No existe un soldador que no se haya quemado al menos una vez. Por eso es muy importante tomar todas las precauciones; usar ropa protectora y hacerse de buenos implementos, ya que se trabaja con temperaturas altísimas. Si es descuidado y confiado de más, puede hacerse una quemadura grave. Si es un profesional responsable, nada peor que alguna ampolla en un dedo por tocar una soldadura demasiado reciente.
La llama de una soldadora autógena (que quema gas) alcanza más de 3.000 ºC. En la soldadura eléctrica, en la que un electrodo descarga un arco voltaico sobre las piezas de metal que se quieren soldar, las temperaturas en el punto de descarga llegan a los 5.500 ºC, la misma que encontramos en la superficie del sol.
El soldador tiene que ser muy precavido con sus ojos. El brillo intenso que se genera en los puntos de soldado puede provocar fácilmente queratitis, una úlcera en las córneas, y luego ceguera.

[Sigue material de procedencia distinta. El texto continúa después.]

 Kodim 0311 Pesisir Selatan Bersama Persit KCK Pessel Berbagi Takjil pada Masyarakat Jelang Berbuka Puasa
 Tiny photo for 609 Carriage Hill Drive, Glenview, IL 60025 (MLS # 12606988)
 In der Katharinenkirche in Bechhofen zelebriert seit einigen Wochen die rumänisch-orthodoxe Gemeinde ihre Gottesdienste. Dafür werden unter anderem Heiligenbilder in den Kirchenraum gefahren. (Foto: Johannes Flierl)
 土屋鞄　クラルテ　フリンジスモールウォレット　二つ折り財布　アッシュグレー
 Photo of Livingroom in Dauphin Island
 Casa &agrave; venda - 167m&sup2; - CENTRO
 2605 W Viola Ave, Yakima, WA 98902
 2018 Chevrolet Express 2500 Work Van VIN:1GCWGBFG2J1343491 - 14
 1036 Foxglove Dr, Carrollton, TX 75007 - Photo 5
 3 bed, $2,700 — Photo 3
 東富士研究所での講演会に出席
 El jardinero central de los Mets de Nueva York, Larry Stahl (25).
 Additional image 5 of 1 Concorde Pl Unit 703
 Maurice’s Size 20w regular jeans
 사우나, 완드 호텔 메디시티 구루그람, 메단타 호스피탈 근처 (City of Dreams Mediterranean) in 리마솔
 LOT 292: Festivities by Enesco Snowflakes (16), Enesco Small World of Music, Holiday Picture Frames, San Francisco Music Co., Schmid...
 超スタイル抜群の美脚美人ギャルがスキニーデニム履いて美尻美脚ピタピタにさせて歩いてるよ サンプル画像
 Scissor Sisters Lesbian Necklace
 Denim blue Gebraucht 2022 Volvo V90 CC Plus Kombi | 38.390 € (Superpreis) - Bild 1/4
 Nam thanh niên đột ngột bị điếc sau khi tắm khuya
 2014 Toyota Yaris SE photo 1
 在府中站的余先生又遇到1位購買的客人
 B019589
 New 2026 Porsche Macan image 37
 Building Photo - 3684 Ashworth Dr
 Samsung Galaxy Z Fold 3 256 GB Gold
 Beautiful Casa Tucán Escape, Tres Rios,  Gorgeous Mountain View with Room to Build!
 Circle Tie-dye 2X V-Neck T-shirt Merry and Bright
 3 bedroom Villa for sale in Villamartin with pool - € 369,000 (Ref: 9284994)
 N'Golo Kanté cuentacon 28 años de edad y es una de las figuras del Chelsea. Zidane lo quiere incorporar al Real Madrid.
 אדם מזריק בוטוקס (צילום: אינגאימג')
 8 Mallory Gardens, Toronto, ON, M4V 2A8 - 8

Durante casi toda la historia de la humanidad, el único método conocido para soldar dos piezas de metal fue calentar sus bordes hasta que casi se fundieran y unirlas a martillazos. A fines del siglo xix se desarrolló la soldadura con gas y luego la eléctrica, y entre ambas cambiaron el mundo. La aparición del oficio de soldador permitió construir puentes metálicos de cientos de metros de largo y rascacielos de cientos de metros de altura.
El futuro de la soldadura está en el espacio, donde los soldadores trabajan con rayos láser para sellar las placas de titanio de las naves espaciales. En la Tierra, los automóviles son soldados por robots computarizados.
Los bisabuelos de los soldadores del espacio fueron los que lograron hacer del Titanic un solo objeto compacto y no un montón de chapas metálicas mal ajustadas. Se hundió de todas maneras, pero la responsabilidad fue del iceberg.